As I see, the issue is with mdrun permanently altering the maximum clock of the card to a value different from the one at startup which may be perceived as rogue behavior. Hence, I still fell like the the best solution is to revert to the application clock to the value detected at the startup of mdrun and communicating this to the user; not reverting (nor resetting) at all is also consistent although it seems somewhat of a rogue behavior. In any case, resetting seems less desirable as, to the best of my knowledge (but I should double-check again), it will set clocks back to the base values even if that was not the state the card was found at mdrun startup.

#5 Updated by Szilárd Páll almost 4 years ago

Erik Lindahl wrote:

PS: I would suggest that we limit the "bug" tracker to things that are actually incorrect in our code. If we start to expand it to cover all effects and side-effects of running GROMACS it will cover the entire "feature" category too.
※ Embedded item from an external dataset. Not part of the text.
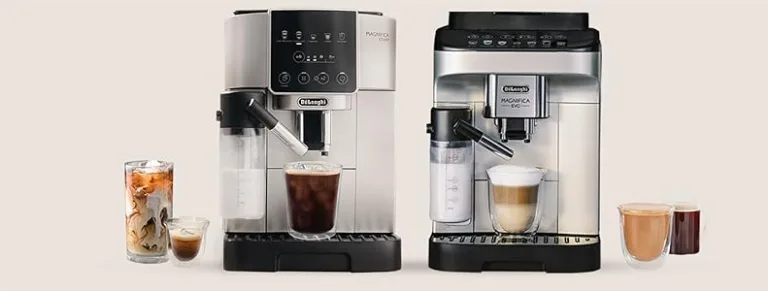 Two coffee machines with a variety of drinks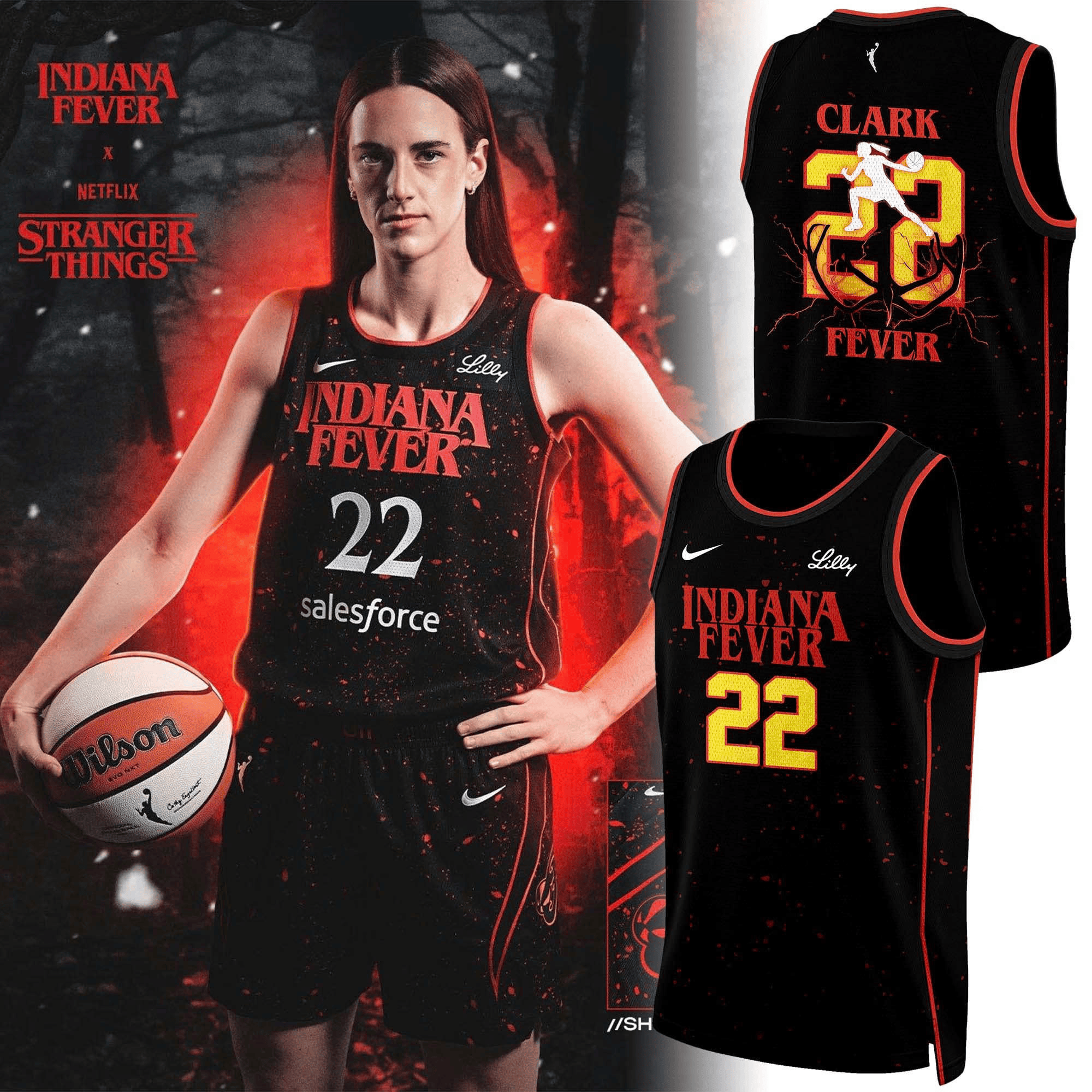 Indiana Fever Stranger Things Rebel Swingman Black Jersey Gifts For Fans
Here's a good summary of what software errors, faults/defects (often called bugs), and failures are as defined after the IEEE definitions:
https://programmers.stackexchange.com/questions/37029/difference-between-a-defect-and-a-bug-in-testing/37044#37044

Most importantly, the code in question does not restore the state of the hardware/driver configuration to its original state nor does it warn the user about this side-effect of running mdrun which results in an unintended side-effect. Hence, this clearly falls in the "defect" category.

As noted by many the term "defect" is preferred (to "bug", a term which is thought to trivialize the impact faults have on software quality) as it acknowledges a mistake, oversight, or lack of understanding during implementation.

#6 Updated by Szilárd Páll almost 4 years ago

I thought through the usability aspects a bit more. If the user has the permission to alter application clocks and a note informing them that the application clocks will be left altered is considered enough, we can simply remove the reset call. This is less modification than a few tens of lines of code needed to restore which is also an imperfect solution (though somewhat nicer behavior).

#7 Updated by Mark Abraham almost 4 years ago

I'm happy with that solution. The better solution might be easier to implement once we update some data structures, but I think it has extremely low priority.

#8 Updated by Erik Lindahl almost 4 years ago

Let's move any remaining discussion to #1846 where we actually talk about how we handle it inside GROMACS.

This topic of this particular bug report can never be solved by GROMACS since we can never control (or even talk to) other processes. I'll close it in a bit.

#9 Updated by Erik Lindahl almost 4 years ago

  • Status changed from New to Closed

#10 Updated by Szilárd Páll almost 4 years ago

Mark Abraham wrote:

I'm happy with that solution. The better solution might be easier to implement once we update some data structures, but I think it has extremely low priority.

Not sure it's hard to implement it's just two pairs of values queried and a few simple conditions, but I"m fine with offloading the burden to the user. I'm however pretty sure that most users will miss the message. Whether the end-result is a problem for them or not is a separate question, though.

#11 Updated by Szilárd Páll almost 4 years ago

Erik Lindahl wrote:

This topic of this particular bug report can never be solved by GROMACS since we can never control (or even talk to) other processes. I'll close it in a bit.

I disagree. From the title: "resetting at cleanup can interfere with other processes". mdrun is resetting which can interfere with the outside world. Claiming there is nothing to do about it is like saying that if we create a $HOME/mytempfile file simply because it sounded like a good idea during coding, that's not a bug even if it overwrites some other program's file and that we can't do much about it because the user/that other program was stupid to put there such a file.

I'm OK with moving to #1846, but note that that issue is about trying to intelligently restore rather than the issue of resetting. So IMO this should be closed when the issue at hand is addressed (or rejected).